I have been without a partner for years and have never experienced the love that I do now. My heart fills me to the brim and spills over in a never ending cascade to all those about me who are open to receive. It is a gift to receive from another’s loving heart. A gift to be treasured, to be sure. Yet the greatest gift is the one that only we can give ourselves. Open to the wonder of your own beauty. Honor yourself for the gift that you bring from Home. No other has your particular flame. No other can bring your piece into fruition. Cherish the dearness of yourself with all of your frailties and foibles. To be human is to be a wonderful mixture of the brilliance of the sun and the rawness of the earth. We are made of clay and yet shine with the light of a thousand suns. My!!! What a feat of engineering on our Creator’s part. She/He love us for all that we are. Not loving some parts, disliking others. No, we are loved in totality, in wholeness.

Who am I to contradict my Mother/Father God’s opinion of me? We are being asked, like never before, to breathe in our own magnificence. This is a greater task than to live with the conditioned images of ourselves as sinners. There is no sin. There is only experience. We came to play on this beautiful planet and we intended to roll around in the mud a bit to see what it felt like. We vowed that we would remember our light that shone through that mud. It is time to make good on our vow.

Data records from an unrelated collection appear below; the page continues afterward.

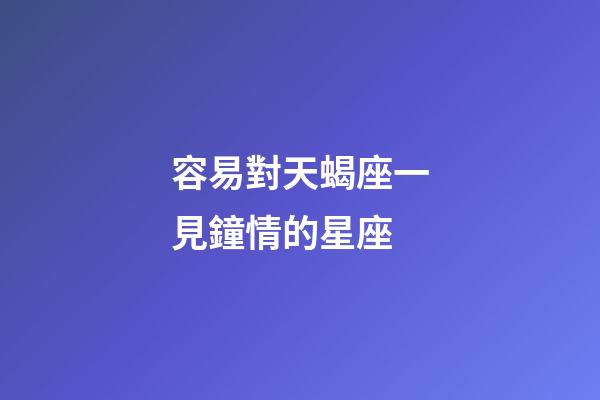 容易對天蝎座一見鐘情的星座-第1張-星座運勢-玄機派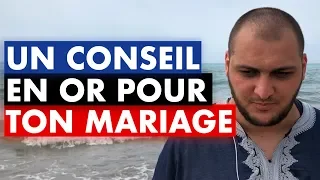 UN CONSEIL EN OR POUR TON MARIAGE - IMAM BOUSSENNA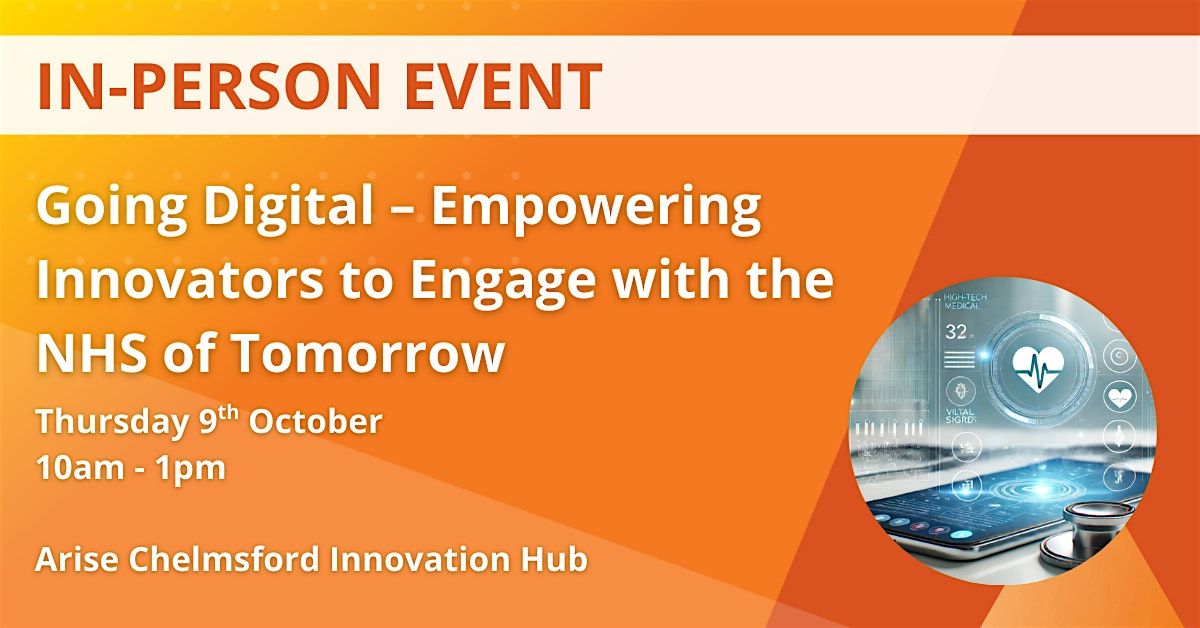 Going Digital: Empowering Innovators to Engage with the NHS of Tomorrow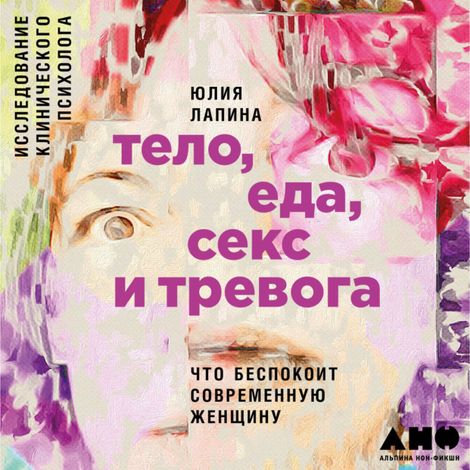 Аудиокнига «Тело, еда, секс и тревога: Что беспокоит современную женщину – Юлия Лапина»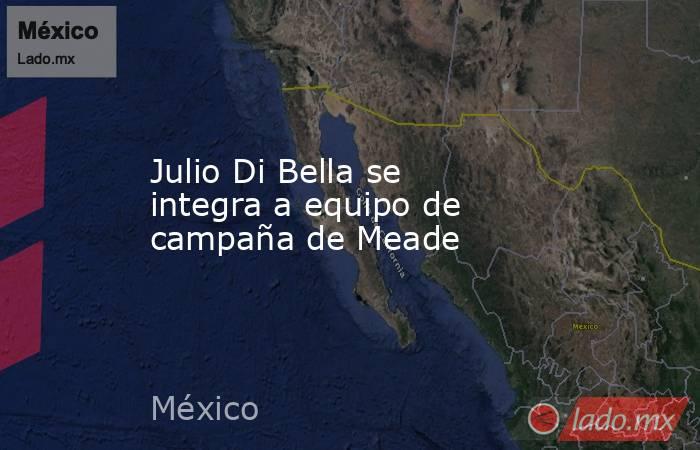 Julio Di Bella se integra a equipo de campaña de Meade. Noticias en tiempo real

The community Christmas tree reflecting all of our lights.

The community Christmas tree reflecting all of our lights.

Let us claim our birthright this holy season. We are being offered assistance from all the kingdoms, all the realms, as well as from our own mighty I AM Presence. The second coming is here. We are being asked to allow the Christ light to descend into our hearts. It is up to us to open the door and invite Him/Her in. As we do this, we change the world. Isn’t that astounding?

These are holy days, let us use them to transform our world. Peace on Earth, goodwill towards men. This can be our reality this Christmas if we will it so. Love yourself as you are loved by the Creator. Let your light shine for all you are worth. Feel your heart light and turn on your high beams to see you through these dark nights of the season. We are creating miracles. We are the miracle. God bless us all.